Dr Jacob Mikkelsen - Chopping genes

07 June 2014

Interview with

Jacob Mikkelsen, Aarhus University

Kat:: Now it's time to find out more about the latest advances in gene therapy. This month Jacob Giehm Mikkelsen and his team at Aarhus university in Denmark have found a way to use a modified version of the AIDS virus HIV to enter cells and edit out mutations in genes, replacing them with the correct information. The tools in this genetic repair kit are proteins called nucleases, which can be targeted to cut out specific sequences in DNA that are wrong. The a replacement strand of DNA, also carried in the virus, is pasted in to complete the repair. Jacob spoke to Naked Scientist Chris Smith to explain more about his work.

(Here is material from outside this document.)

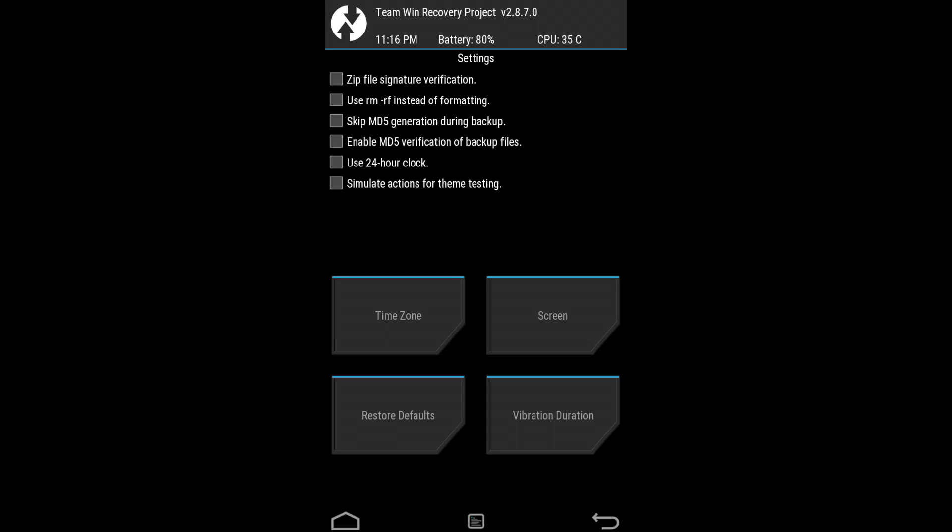And there are 3 major players here: one is CWM, another is Philz, and the one you are watching is TWRP which is my personal favorite.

Jacob::  We have been looking to find new ways to correct mutations within genes.  There are some conventional techniques on the market already and they are based on delivering genes that will encode proteins that will take care of the editing within cells.  So, what we're trying to achieve here is a safer way by delivering the proteins themselves instead of delivering the gene for the protein.  So, what we have been doing is trying to develop viruses to deliver these foreign proteins into cells.

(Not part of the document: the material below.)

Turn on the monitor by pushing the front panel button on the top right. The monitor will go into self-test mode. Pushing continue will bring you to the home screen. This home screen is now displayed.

Chris::  Which virus are you trying to do that with?

Jacob::  In this case, we're using HIV.  This is of course a sort of a controversial topic, but what we are trying to do is to deliver specific proteins by using these viruses that will take care of the correction process in the cells that are treated with the virus. 

Chris:: So, at the same time it's delivering a genetic message in the conventional way of viruses and gene therapy vector.  You're also able to exploit the fact that the virus does carry in some proteins as part of the virus and deliver the proteins at the same time.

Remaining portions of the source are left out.